The First Part Last
- Author: Angela Johnson
- Series: Heaven Trilogy
- Published: 2003 (Simon & Schuster Books for Young Readers)
- Publication place: United States
- Pages: 131
- Awards: 2004 Coretta Scott King Author Award 2004 Michael L. Printz Award
- ISBN: 0-689-84922-2
- OCLC: 50810558
- LC Class: PZ7.J629 Fi 2003
- Preceded by: Heaven(novel)
- Followed by: Sweet, Hereafter(novel)

= The First Part Last =

2003 young adult novel by Angela Johnson

The First Part Last is a 2003 young adult novel by Angela Johnson and the second book in her Heaven trilogy.

Told in alternating “now” and “then” chapters, the novel follows sixteen-year-old Bobby as he cares for his infant daughter, Feather, after the baby’s mother, Nia, experiences eclampsia during childbirth and falls into a permanent coma.

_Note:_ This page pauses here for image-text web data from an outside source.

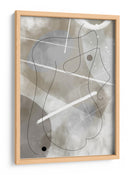 Estudio de figura abstracta - Fluidys Studio II | Cuadro decorativo de Canvas Lab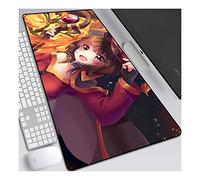 ITBT Wonderful World Tapis De Souris 700X300Mm, Clavier Étendu Tapis De Souris Professionnel De Jeu Mousepad avec Base De 3 Mm D'Épaisseur, pour Ordinateurs Portables, Pc,A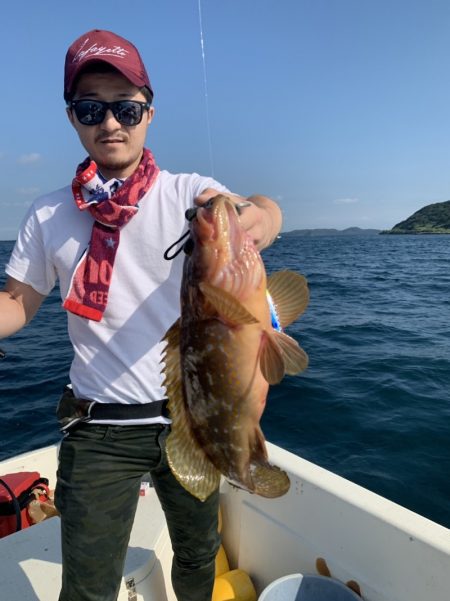 きずなまりん 釣果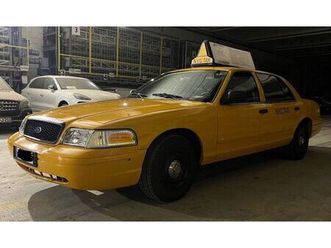 ford crown victoria (original taxi)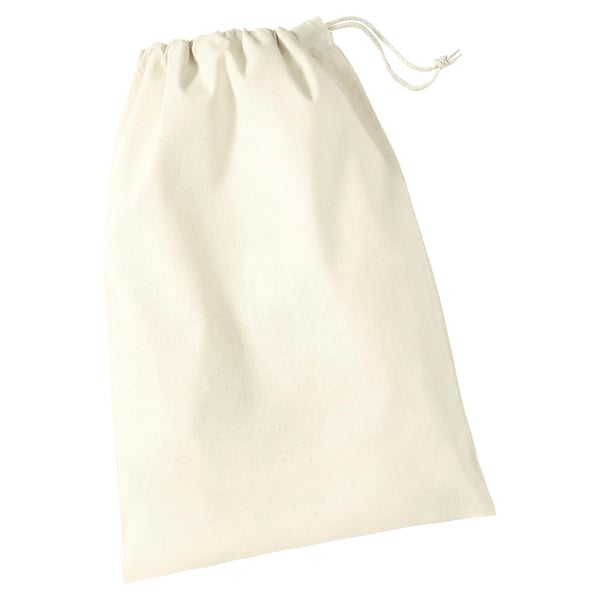 Westford Mill Recycled Cotton Stuff Bag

Critics have noted the novel’s first-person narration style, its fragmented time structure, and its unusual focus on a Black teenage father rather than on adolescent motherhood alone. The novel became one of Johnson’s best-known works and was later singled out by Jonathan Hunt as an unusually successful book across both literary recognition and popular young adult reading lists.

== Background and publication ==
Johnson has said that Bobby’s story began in part when she saw a teenage boy with a baby riding the subway in New York and started wondering about his life.

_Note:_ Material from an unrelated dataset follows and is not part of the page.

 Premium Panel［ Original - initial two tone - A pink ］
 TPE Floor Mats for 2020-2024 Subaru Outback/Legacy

In a 2004 interview with Booklist, Johnson also explained that returning to Bobby after Heaven was encouraged by her editor Kevin Lewis after young readers responded strongly to the character. Johnson described writing Bobby as a “creative stretch” because it was her first time writing a male main character.

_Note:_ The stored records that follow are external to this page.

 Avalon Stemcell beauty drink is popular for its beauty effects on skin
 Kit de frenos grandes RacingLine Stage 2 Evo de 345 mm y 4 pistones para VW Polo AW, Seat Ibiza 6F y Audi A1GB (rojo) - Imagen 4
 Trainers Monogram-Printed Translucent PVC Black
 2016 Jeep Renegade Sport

These comments place the novel within both the larger Heaven trilogy and Johnson’s character-driven method of building fiction from observed lives rather than from overt moral instruction.

== Characters ==

- Bobby – Main character and Feather's father
- K-Boy – Bobby's friend
- J.L. – Bobby's friend
- Fred – Bobby's father
- Mary – Bobby's mother
- Paul – Bobby's brother
- Mr. Wilkins – Nia's father
- Mrs. Wilkins – Nia's mother
- Coco Fernandez – Bobby's neighbor
- Nia – Bobby's girl-friend and the mother of Bobby's daughter
- Nick – Paul's kid
- Nora – Paul's kid
- Feather – Bobby's baby/kid

== Themes ==
A major theme in the novel is fatherhood, especially the idea that care, responsibility, and maturity are learned through Bobby’s relationship with Feather. Chelsea Rogers argues that the novel presents Bobby as a young Black father whose emotional growth is shaped not only by parenting, but also by the guidance of his father Fred and his older brother Paul.

Crag Hill similarly reads the book as a challenge to stereotypes about absent Black fathers, arguing that Bobby’s decision to raise Feather counters a common media image of young Black men as irresponsible parents. Taken together, these readings suggest that the novel is not only about teen pregnancy, but also about masculinity, care, and what it means for Bobby to become “a good man.”

== Reception ==
Reviewers generally praised Johnson’s narrative voice and the emotional effect of Bobby’s first-person narration. Writing in the Journal of Adolescent & Adult Literacy, Neal A. Lester argued that the novel’s alternating “now” and “then” structure reinforces its central concern with how past choices shape present realities. A starred Booklist review praised the novel’s sensory detail and described Bobby as developing from a carefree teenager into a more thoughtful and responsible father. Francisca Goldsmith’s review in School Library Journal also emphasized the immediacy of Bobby’s voice and suggested that the audiobook version could work especially well in classroom discussion. Later commentary on Johnson’s career continued to highlight the novel’s wide appeal, with Jonathan Hunt describing it as both highly literary and unusually popular with young adult readers.

== Uses in education ==
In The ALAN Review, Crag Hill argued that The First Part Last works effectively outside the English classroom as well, describing its use in a health class focused on teen pregnancy and parenting. Hill suggests that the novel is especially useful for class discussion because it addresses adolescent decision-making, parenting, and gender expectations through Bobby’s perspective.